Sangbaramou, Rouguiatou et al. (2018), Data from: Behavioral thermoregulation in Locusta migratoria manilensis (Orthoptera: Acrididae) in response to the entomopathogenic fungus, Beauveria bassiana, Dryad, Dataset, https://doi.org/10.5061/dryad.t6m6091

Abstract

Insects such as locusts and grasshoppers can reduce the effectiveness of pathogens and parasites by adopting different defense strategies. We investigated the behavioral thermopreference of Locusta migratoria manilensis (Meyen) (Orthoptera: Acrididae) induced by the fungus Beauveria bassiana, and the impact this behavior had on the fungal mycosis under laboratory conditions.
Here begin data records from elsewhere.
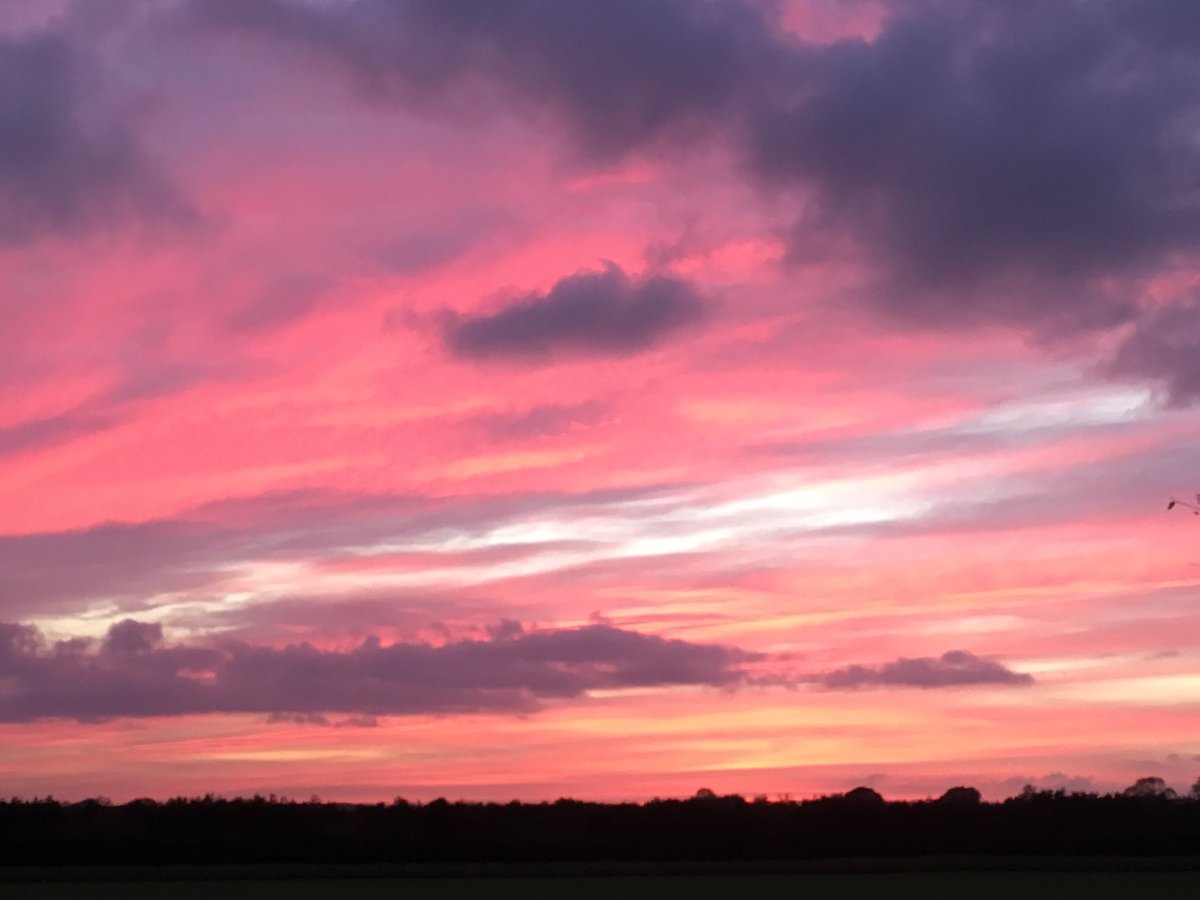lou_iseduffin's tweet photo. Could look at this for hours #redskyatnight #shepherdsdelight #sunset https://t.co/WGDbmnk93B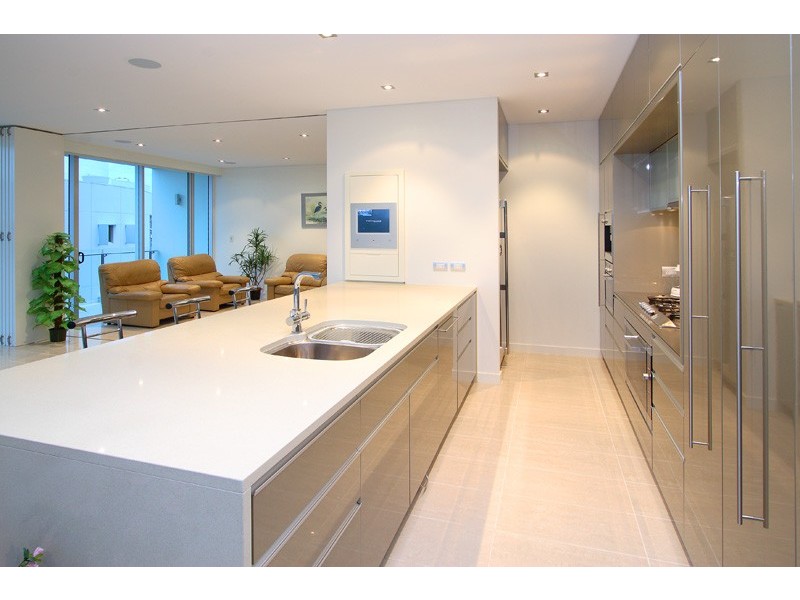 205 Coronation Drive,, Milton QLD 4064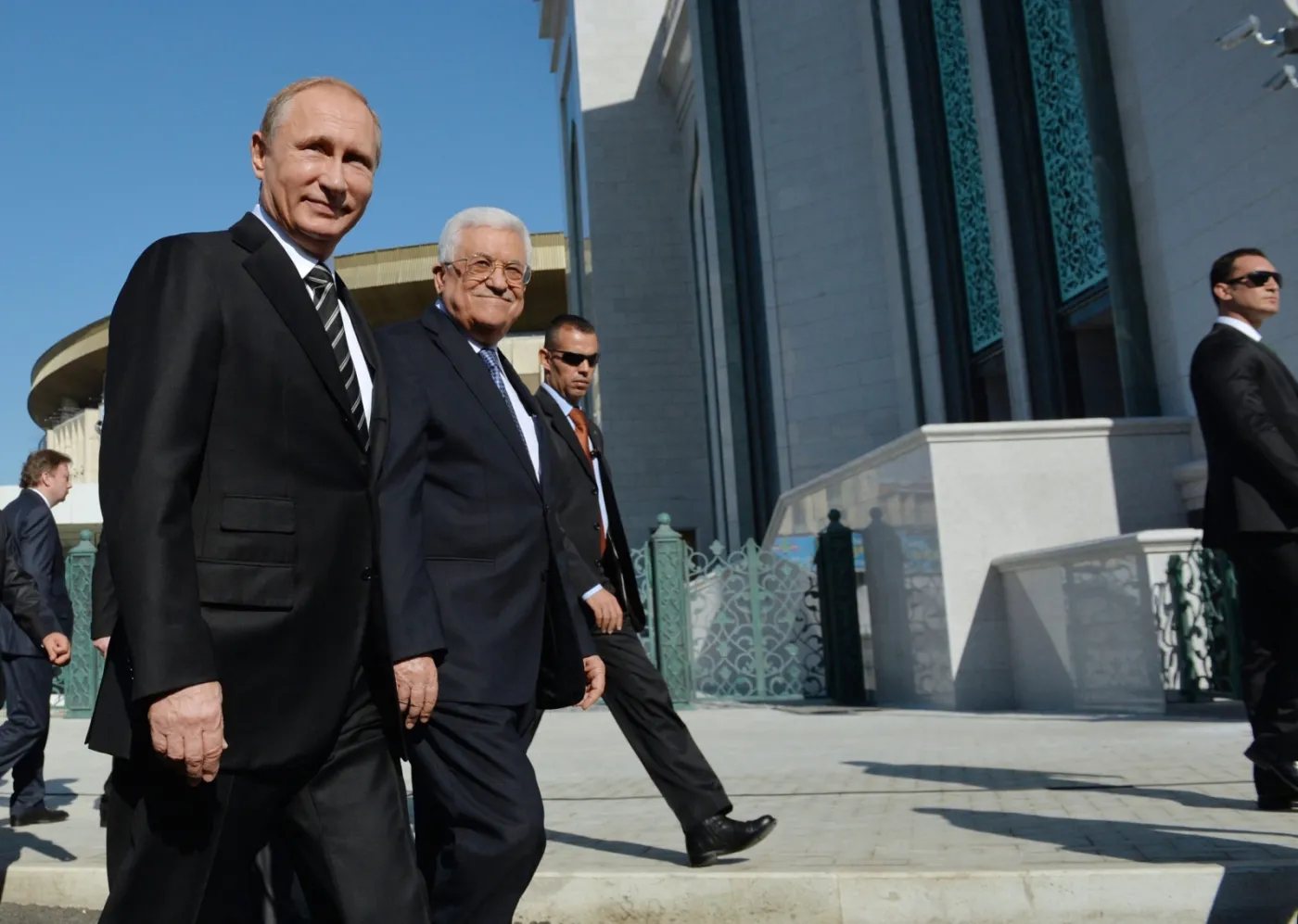 8246713-wladimir-putin-otworzyl-meczet.jpg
By basking in higher temperature locations, infected nymphs elevated their thoracic temperature to 30-32.6 °C, which is higher than the optimum temperature (25°C) for B. bassiana conidial germination and hyphal development. A minimum thermoregulation period of 3 h/day increased survival of infected locusts by 43.34%. The therapeutic effect decreased when thermoregulation was delayed after initial infection. The fungus grew and overcame the locusts as soon as the thermoregulation was interrupted, indicating that thermoregulation helped the insects to cope with infection but did not completely rid them of the fungus. A significant enhancement in the number of haemocytes was observed in infected thermoregulating locusts, reaching levels that were even higher than those observed in the controls. In contrast, haemocyte concentration was severely reduced in infected insects that did not thermoregulate. In infected non-thermoregulating locusts, the reduction in haemocyte number was accompanied by an increase in fungal blastospore concentration that was obvious in the haemolymph by day four. In contrast, no circulating blastospores were found in the haemolymph of infected thermoregulating locusts three days post-inoculation. We also examined the phagocytic activity of infected insects in vivo by using fluorescein isothiocyanate (FITC)-labelled silica beads. The proportion of beads that was engulfed by haemocytes in infected, thermoregulating insects was similar to that in the controls throughout the experiment, whereas the rate of phagocytosis in infected, non-thermoregulating insects progressively decreased after infection. These findings demonstrated that behavioural thermoregulation can adversely affect B. bassiana mycosis in infected L. migratoria manilensis, thereby limiting the development of lethal entomopathogenic fungi in locusts. This is apparently accomplished through an increase in the levels of haemocytes, leading to greater phagocytic activity under certain environmental conditions.